5 messages · Liviu Andronic, Mark Breman, Stefan Grosse +1 more

#
On Wed, Jun 3, 2009 at 9:15 PM, Mark Breman <m.breman at yahoo.com> wrote:
What about non-parametric correlation coefficients? They are based on
ranks, and should detect any monotonic relationship between the time
series. Check ?cor and ?cor.test methods "spearman" and "kendall", and
also the Wikipedia articles for further references.

Best,
Liviu

  
    
#
On Wed, 3 Jun 2009 12:15:17 -0700 (PDT) Mark Breman
<m.breman at yahoo.com> wrote:
MB> I would like to know if two financial time-series are nonlinear
MB> correlated, and if so, what that correlation function is. Is there
MB> an easy way to do this with R?

Maybe you should be more specific about what you want to do? Test for
nonlinear cointegration? If that is the case:

http://cran.r-project.org/web/views/TimeSeries.html
is a starter. 


Stefan
1 day later
#
Well the term nonlinear is always a little bit misleading as it can 
include really different alternatives!

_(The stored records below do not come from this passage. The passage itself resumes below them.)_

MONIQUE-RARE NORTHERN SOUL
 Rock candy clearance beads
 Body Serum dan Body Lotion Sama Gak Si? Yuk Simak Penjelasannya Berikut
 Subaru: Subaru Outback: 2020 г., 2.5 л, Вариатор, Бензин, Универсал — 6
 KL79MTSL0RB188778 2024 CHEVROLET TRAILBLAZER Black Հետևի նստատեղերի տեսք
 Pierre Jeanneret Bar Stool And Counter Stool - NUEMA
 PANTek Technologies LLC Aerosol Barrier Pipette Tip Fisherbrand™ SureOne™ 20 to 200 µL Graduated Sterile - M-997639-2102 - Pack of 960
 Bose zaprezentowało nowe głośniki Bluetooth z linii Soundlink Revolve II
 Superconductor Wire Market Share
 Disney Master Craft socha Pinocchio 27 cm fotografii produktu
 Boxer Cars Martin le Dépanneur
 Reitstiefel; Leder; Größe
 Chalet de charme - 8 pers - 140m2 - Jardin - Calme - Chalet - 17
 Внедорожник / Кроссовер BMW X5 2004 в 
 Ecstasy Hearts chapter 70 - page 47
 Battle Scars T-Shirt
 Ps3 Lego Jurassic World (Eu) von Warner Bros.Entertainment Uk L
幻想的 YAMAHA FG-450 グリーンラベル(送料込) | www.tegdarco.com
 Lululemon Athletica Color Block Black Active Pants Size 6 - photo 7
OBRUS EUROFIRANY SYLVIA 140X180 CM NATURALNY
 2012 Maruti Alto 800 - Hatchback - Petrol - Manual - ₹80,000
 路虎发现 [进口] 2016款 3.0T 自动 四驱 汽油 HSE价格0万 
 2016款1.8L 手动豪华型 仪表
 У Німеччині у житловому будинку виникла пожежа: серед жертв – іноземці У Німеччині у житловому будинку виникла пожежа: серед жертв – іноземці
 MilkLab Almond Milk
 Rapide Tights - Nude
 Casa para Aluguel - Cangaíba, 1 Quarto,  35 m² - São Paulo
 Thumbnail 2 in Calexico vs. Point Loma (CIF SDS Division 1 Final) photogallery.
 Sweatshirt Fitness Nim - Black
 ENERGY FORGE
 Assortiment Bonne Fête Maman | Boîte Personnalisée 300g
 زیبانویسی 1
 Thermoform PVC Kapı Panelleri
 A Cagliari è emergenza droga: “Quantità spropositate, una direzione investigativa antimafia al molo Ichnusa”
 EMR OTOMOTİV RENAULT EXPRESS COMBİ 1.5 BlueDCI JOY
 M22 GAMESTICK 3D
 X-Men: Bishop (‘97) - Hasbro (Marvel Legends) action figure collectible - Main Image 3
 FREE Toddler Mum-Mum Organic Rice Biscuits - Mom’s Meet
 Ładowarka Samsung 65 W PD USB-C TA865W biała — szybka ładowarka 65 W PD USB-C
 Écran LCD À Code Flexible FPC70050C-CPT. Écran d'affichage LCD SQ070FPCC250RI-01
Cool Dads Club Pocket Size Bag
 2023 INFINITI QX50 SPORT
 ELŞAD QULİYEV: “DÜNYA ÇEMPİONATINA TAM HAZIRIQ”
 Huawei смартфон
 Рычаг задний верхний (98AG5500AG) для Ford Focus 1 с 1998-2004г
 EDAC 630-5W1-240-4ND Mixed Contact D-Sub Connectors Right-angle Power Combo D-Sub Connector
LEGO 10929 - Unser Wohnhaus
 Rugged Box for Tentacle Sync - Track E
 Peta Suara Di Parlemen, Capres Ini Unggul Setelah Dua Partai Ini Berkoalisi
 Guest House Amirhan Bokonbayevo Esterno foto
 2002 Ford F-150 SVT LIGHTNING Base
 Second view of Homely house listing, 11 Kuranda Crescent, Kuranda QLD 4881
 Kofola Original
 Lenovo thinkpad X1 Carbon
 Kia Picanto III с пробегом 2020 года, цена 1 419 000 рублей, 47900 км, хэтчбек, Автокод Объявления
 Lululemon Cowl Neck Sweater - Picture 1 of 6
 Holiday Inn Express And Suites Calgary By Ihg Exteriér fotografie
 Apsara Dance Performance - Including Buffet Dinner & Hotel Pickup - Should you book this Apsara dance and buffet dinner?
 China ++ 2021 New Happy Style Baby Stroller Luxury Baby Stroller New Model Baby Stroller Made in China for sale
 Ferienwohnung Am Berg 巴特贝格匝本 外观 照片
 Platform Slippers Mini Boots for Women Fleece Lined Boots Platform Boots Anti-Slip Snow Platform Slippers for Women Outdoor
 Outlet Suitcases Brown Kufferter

Can you provide a reference to 
the thesis you were mentioning?

I think one of the question you have to ask for first is whether your 
variables are stationary or not.

If they are, I would try to include in a regression the nonlinearity you 
suspect, and then interpreting individual coefficients or the Rsquared 
as nonlinear correlation. I found actually a similar answer on a similar 
question on:
https://stat.ethz.ch/pipermail/r-help/2008-March/156284.html Note that 
you would maybe have to use HAC covariance estimators if you want to 
make some inference, as you are dealing with time-series, see package 
sandwich.

If the variables are not stationary and I(1), you could indeed check for 
nonlinear cointegration. This is possible in the dev version of package 
tsdyn who allows to estimate and test for threshold cointegration (btw, 
I will make a presentation on this subject at userR 2009). Other types 
of nonlinear cointegration are to my knowledge not implemented in R. You 
can find much literature on smooth transition cointegration, and a 
general treatment is done in Park, Joon Y & Phillips, Peter C B, 2001. 
"Nonlinear Regressions with Integrated Time Series," Econometrica, vol.